Raw data section start

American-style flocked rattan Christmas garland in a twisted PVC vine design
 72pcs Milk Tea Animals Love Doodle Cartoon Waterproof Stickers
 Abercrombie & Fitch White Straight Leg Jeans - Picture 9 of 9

Raw data section end

#### Activity:
Reproduce all of the data above, exactly and without omission.

#### The answer:
American-style flocked rattan Christmas garland in a twisted PVC vine design
 72pcs Milk Tea Animals Love Doodle Cartoon Waterproof Stickers
 Abercrombie & Fitch White Straight Leg Jeans - Picture 9 of 9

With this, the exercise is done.